I pity you. Compute as a service is probably not what you need. Cases may vary and, again, the devil is in the details. But you have a huge challenge ahead of you: Building an environment where a server can be programatically brought online and then caught up to date with the current compute pool in a time frame which makes even doing it a winning situation. This is something I’m going to put a lot of thought into… note to self… But unless you have some bright ideas here (and if you do, please send them my way) you have basically one chance: data partitioning. Get yourself a VERY good DBA, and really REALLY plan out your data. If you put enough thought into it in the beginning you have a chance to keep the individual pieces of data down to a small enough (and distributed enough) level which just might lend itself to compute as a service in a very LARGE way (but we’re really talking about going WAY beyond the 10 or 20 allowed Amazon EC2 server instances here)

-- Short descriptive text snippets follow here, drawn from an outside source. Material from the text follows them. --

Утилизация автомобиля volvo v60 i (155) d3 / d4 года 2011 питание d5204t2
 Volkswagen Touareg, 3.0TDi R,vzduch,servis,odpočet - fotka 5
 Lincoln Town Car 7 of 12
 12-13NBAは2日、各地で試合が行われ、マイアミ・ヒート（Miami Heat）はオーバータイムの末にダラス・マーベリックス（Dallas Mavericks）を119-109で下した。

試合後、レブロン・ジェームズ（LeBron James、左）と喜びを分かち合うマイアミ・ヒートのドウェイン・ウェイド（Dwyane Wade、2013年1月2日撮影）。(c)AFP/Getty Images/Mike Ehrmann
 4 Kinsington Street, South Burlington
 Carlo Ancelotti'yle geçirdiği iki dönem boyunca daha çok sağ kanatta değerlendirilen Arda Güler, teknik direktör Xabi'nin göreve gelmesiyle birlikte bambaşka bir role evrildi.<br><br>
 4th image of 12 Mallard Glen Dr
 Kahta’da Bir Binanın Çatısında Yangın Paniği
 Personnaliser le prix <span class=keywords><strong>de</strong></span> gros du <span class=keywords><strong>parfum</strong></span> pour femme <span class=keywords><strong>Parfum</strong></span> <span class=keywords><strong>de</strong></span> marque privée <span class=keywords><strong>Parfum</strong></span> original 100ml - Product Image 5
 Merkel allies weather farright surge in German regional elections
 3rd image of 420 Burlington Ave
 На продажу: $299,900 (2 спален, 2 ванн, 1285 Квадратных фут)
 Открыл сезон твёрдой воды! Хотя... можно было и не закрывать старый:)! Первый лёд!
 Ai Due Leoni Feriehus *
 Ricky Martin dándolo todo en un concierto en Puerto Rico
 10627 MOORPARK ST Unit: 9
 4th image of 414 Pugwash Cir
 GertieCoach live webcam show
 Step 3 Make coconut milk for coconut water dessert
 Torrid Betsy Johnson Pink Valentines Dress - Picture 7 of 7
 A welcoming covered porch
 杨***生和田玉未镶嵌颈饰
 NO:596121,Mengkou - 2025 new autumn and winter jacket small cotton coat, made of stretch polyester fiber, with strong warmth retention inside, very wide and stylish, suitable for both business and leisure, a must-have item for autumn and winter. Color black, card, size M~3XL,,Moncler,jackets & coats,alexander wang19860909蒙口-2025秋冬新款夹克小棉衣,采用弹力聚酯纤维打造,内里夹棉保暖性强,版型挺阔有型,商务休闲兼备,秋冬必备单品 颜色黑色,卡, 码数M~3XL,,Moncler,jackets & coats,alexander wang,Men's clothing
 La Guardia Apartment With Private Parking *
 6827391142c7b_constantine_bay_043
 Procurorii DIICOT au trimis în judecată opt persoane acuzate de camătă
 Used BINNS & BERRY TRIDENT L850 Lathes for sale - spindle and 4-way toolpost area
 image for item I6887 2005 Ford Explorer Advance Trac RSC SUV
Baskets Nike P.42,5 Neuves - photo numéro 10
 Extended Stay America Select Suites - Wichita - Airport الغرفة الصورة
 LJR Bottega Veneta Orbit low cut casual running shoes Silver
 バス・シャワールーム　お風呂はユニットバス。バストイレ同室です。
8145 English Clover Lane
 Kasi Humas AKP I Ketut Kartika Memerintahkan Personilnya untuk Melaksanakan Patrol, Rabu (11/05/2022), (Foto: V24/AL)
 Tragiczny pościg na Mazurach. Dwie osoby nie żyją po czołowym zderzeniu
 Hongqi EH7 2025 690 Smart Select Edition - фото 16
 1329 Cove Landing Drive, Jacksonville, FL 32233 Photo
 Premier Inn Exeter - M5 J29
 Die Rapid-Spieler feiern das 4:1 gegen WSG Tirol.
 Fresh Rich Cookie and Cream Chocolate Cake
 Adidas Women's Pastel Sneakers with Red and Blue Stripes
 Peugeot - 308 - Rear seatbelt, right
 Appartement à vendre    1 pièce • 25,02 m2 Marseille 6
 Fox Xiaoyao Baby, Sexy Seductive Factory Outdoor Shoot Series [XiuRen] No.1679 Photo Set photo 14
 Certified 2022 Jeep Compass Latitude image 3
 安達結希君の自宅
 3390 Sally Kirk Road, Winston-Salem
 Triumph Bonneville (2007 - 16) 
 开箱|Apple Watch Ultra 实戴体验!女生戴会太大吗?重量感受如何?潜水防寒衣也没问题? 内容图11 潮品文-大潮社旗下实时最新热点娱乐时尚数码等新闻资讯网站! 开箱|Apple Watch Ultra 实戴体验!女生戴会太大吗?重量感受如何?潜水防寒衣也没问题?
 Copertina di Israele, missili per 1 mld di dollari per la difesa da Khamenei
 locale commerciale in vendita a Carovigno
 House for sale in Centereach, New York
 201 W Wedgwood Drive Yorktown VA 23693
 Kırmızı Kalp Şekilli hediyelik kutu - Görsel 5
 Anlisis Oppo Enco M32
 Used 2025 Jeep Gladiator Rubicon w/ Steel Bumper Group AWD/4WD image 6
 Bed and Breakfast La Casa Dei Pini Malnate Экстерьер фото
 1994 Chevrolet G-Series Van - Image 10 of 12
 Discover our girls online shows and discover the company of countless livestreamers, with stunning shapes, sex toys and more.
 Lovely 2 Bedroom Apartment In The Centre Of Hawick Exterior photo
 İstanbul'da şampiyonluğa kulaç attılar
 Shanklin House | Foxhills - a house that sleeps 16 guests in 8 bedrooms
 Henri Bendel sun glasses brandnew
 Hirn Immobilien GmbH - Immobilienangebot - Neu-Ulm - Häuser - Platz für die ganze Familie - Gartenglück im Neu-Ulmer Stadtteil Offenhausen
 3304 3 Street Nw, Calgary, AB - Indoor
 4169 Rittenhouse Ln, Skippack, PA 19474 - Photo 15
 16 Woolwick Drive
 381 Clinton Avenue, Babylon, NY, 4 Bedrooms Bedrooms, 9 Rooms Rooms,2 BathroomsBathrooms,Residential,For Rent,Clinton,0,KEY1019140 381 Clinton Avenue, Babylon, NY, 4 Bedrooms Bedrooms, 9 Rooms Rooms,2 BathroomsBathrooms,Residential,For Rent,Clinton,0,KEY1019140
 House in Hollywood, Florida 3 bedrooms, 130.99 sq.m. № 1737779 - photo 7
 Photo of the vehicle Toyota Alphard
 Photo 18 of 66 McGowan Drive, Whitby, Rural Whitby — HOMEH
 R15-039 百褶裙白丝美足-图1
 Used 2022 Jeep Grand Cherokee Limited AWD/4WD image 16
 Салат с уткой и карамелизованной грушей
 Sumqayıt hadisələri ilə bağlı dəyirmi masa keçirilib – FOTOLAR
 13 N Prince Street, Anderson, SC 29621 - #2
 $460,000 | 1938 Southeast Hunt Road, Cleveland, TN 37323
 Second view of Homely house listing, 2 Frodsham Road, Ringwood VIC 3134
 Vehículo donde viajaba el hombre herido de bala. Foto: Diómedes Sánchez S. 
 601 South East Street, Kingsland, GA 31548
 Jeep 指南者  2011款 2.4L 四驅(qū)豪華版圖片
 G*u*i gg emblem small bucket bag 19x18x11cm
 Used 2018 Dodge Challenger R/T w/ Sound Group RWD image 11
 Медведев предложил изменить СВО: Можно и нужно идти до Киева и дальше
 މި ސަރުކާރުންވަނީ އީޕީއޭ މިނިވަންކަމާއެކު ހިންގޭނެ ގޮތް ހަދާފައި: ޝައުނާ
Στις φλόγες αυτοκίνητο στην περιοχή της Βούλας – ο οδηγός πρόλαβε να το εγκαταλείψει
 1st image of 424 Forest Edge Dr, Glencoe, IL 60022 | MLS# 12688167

Uh, Ok, Enough about these different environments… what do I need to do to USE on demand computing?

Well thats a difficult question to answer in a generally useful way. so without getting too specific:

You, first and foremost, need to have compute as a service thought about in every bit of your planning and executing stages. At every point in the set of long chains which make up your application you have to ask yourself “what happens if this goes away?” and plan for it.

A very close second is think pipes and hoses rather than chisel and stone. Each part of your environment should be as self contained as possible. When one hose springs a leak the solution is simple, replace the hose (and just bypass it for the mean time,) but when you loose a section of your monolithic structure things are a bit more complicated than that.

Finally you need to understand that you will have to work at taking full advantage of compute as a service. Remember that you are going to have to put TIME and ENERGY into using this kind of a service. Nothing comes free, and even in operations everything has an equal and opposite reaction. If you want to avoid spending the time and energy and money maintaining a hardware infrastructure you will have to put the same into avoiding one. But the benefits of doing so are real and tangible. Because when you’ve spent all of your time building an application which is fault tolerant rather than building an infrastructure which will fail you invariably provide to your user base a more robust and reliable service.